JAKARTA, KOMPAS.com - Lembaga Perlindungan Saksi dan Korban (LPSK) mendesak pemerintah mengalokasikan anggaran yang memadai untuk pemenuhan perlindungan saksi dan korban tindak pidana perdagangan orang (TPPO).
"Pemerintah agar memberikan alokasi anggaran yang memadai. Mengingat para korban yang mengalami tindak kekerasan dapat mengalami penderitaan, baik fisik maupun psikis yang memerlukan perawatan dalam jangka panjang," ujar Wakil Ketua LPSK Edwin Partogi dalam keterangan tertulis, Senin (3/8/2020).
Menurut Livia, alokasi anggaran tersebut diperlukan sampai dengan tingkat pemerintah daerah agar tercapainya bantuan rehabilitasi psikososial bagi korban.
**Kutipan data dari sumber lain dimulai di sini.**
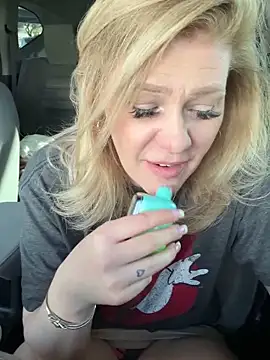 Lexi Shocker online show from 02.22.25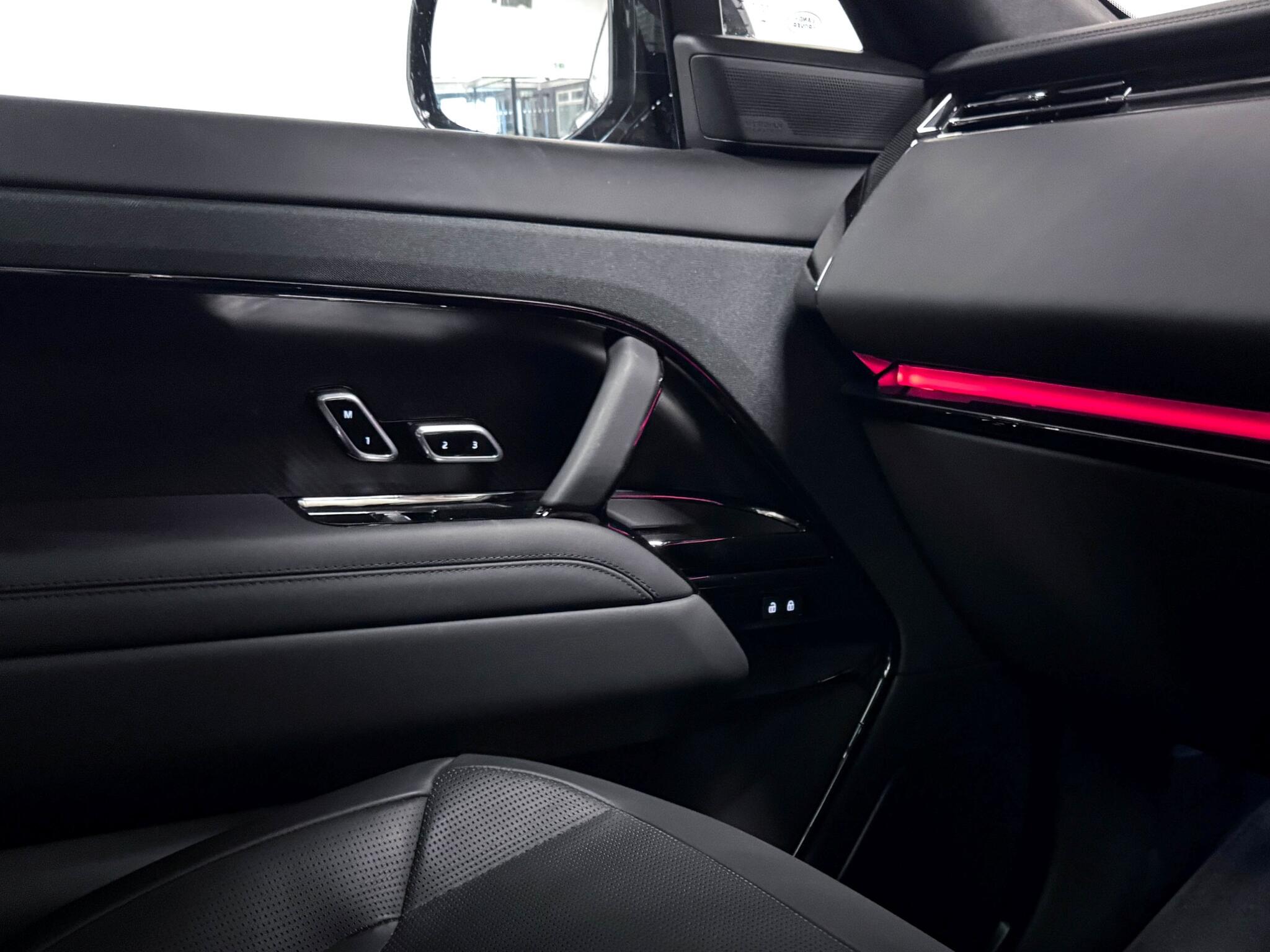 Land Rover Range Rover Sport view 49
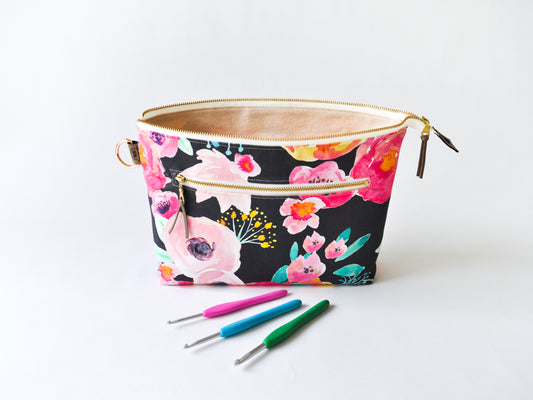 Crochet Hook Organizer in "Blushing Floral"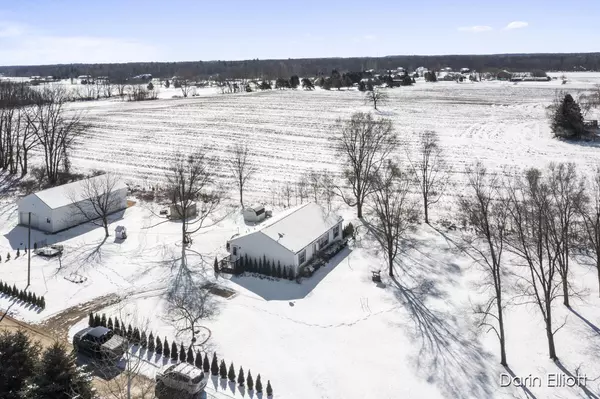 5700 Dave Christie DR, Cedar Springs, MI 49319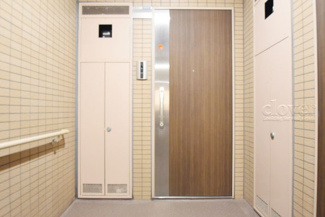 【その他共用部分】 | 皆様をお迎えする、お部屋の玄関ドア。開けやすさや開放角度、ドアノブの操作しやすさや鍵の形状などを、現地で一度ご確認ください。～即日のご見学可能～　お問合せはお気軽にどうぞ。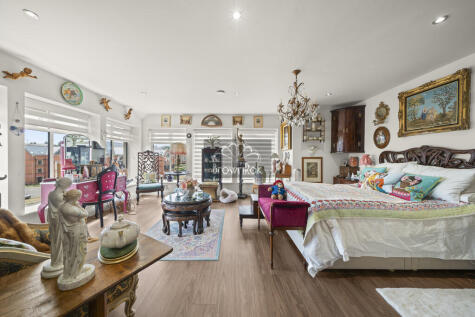 Penthouse Lancaster House
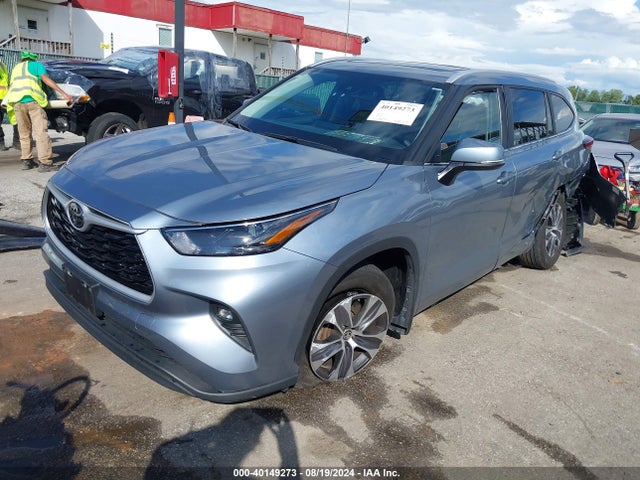 Toyota Highlander Xle 2023 5TDKDRAH9PS026691 Image 2
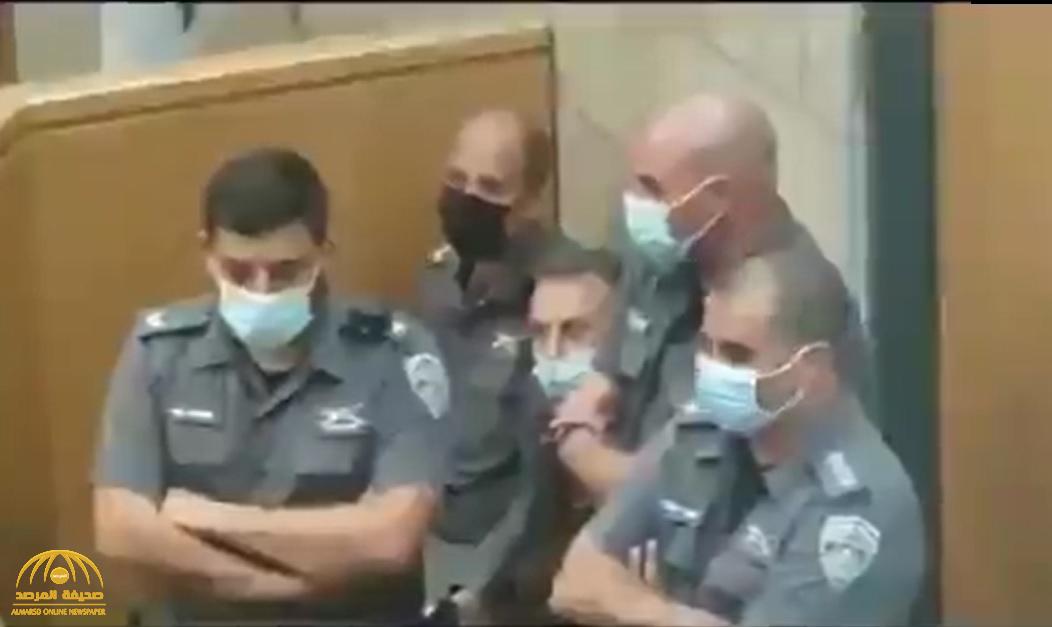 بعد إعادة اعتقاله.. شاهد: لقطات من محاكمة أحد الأسرى الفلسطينيين الفارين من سجن جلبوع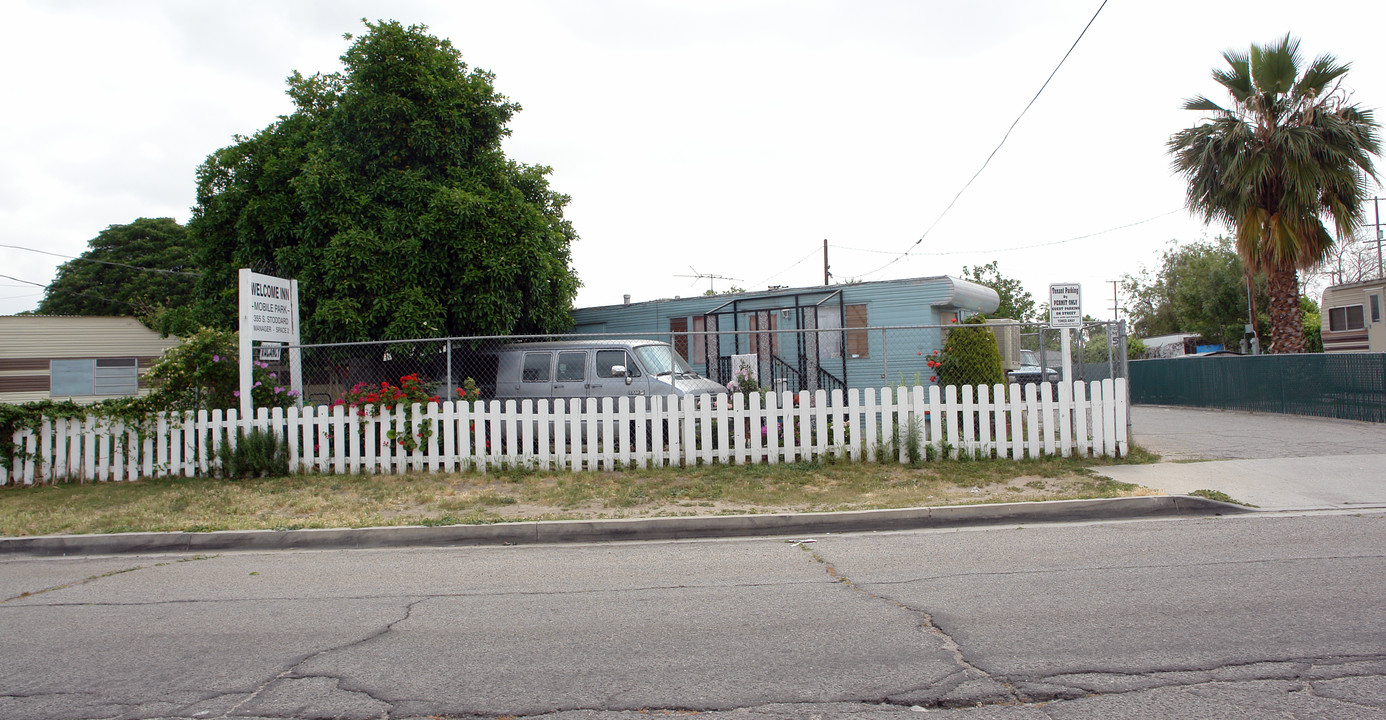 355 S Stoddard Ave in San Bernardino, CA - Building Photo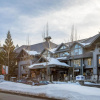 Отель Glacier Lodge - Luxury Condo, фото 20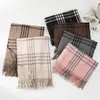 Bufanda Clásica de Cuadros Bloques de Color con Borlas Estilo Coreano para Mujer, Moda Otoño e Invierno, Versátil, Cálida y Engrosada, Bufanda para Estudiantes Transfronteriza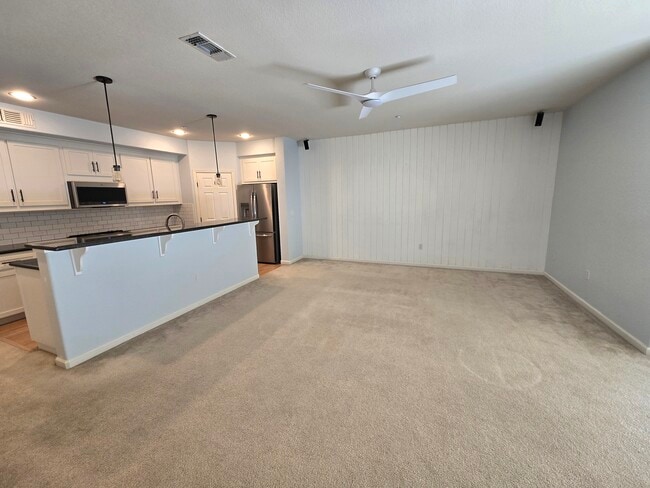 Building Photo - 4353 Fitzwilliam St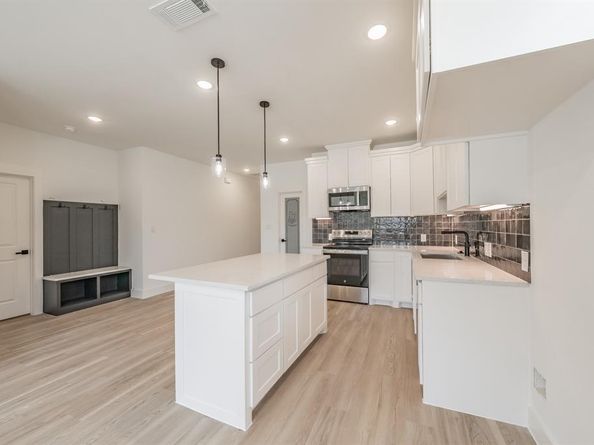 1402  Driess Street , Fort Worth Texas 76104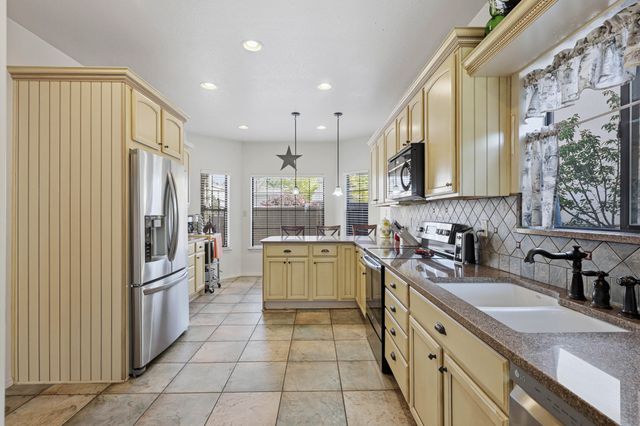 7605 Don Gaspar Drive NE, Albuquerque, NM 87109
Baca juga: Sejak 2015, 704 Korban TPPO Ajukan Perlindungan ke LPSK
Selain itu, LPSK merekomendasikan pemerintah daerah, kementerian, dan lembaga terkait untuk rutin melakukan sosialiasi dalam rangka pencegahan terjadinya TPPO dan meningkatkan peluang kerja di dalam negeri.
Tak hanya itu, pihaknya juga meminta Polri dan Kejaksaan Agung (Kejagung) secara terencana dan terukur mengembangkan kapasitas petugasnya dalam penanganan perkara TPPO.
"Dan meningkatkan integritas petugas dalam pelaksanaan tugasnya, agar tidak terkesan tebang pilih dan pilih kasih dalam penegakan hukum," ucap dia.
LPSK mencatat, terdapat 704 korban TPPO yang mengajukan permohonan perlindungan sejak 2015.
"Total, sebanyak 704 jumlah korban TPPO yang mengajukan permohonan perlindungan ke LPSK sejak 2015 hingga Juni 2020," ujar Wakil Ketua LPSK Edwin Partogi dalam keterangan tertulis, Senin (3/8/2020).
Secara akumulasi, angka permohonan perlindungan korban TPPO setiap tahunnya menunjukkan kenaikan.
Adapun dari total korban tersebut terdiri dari 438 wanita dan 266 pria. Di antara korban tersebut, 147 korban merupakan perempuan dengan status masih anak di bawah umr.
"Bila dilihat domisili korban TPPO, Provinsi Jawa Barat berada pada posisi teratas dengan angka 28,98 persen, diikuti DKI Jakarta 14,77 persen, dan NTT 8,24 persen," kata Edwin.
Baca juga: Bareskrim Temukan Bukti TPPO terkait Kasus ABK WNI di Kapal Long Xing
Edwin mengatakan bahwa memerangi perdagangan manusia bukanlah hal yang mudah.
Hal itu tak lepas karena sifat tersembunyi dari perdagangan manusia nyaris tidak mungkin untuk memahami ruang lingkup permasalahan tersebut.
Terlebih, situasi saat ini tengah dalam kondisi pandemi Covid-19.
Bahkan, lanjut Edwin, Perserikatan Bangsa-Bangsa (PBB) sendiri mengkhawatirkan Covid-19 membuat tugas mengidentifikasi korban perdagangan manusia semakin sulit.
Sebab, mereka rawan terkena virus, minim pencegahannya dan memiliki sedikit akses kesehatan untuk memastikan pemulihan mereka.
"Menjadi tantangan dari situasi itu ialah karena negara-negara menyesuaikan prioritas mereka selama pandemi," ucap Edwin.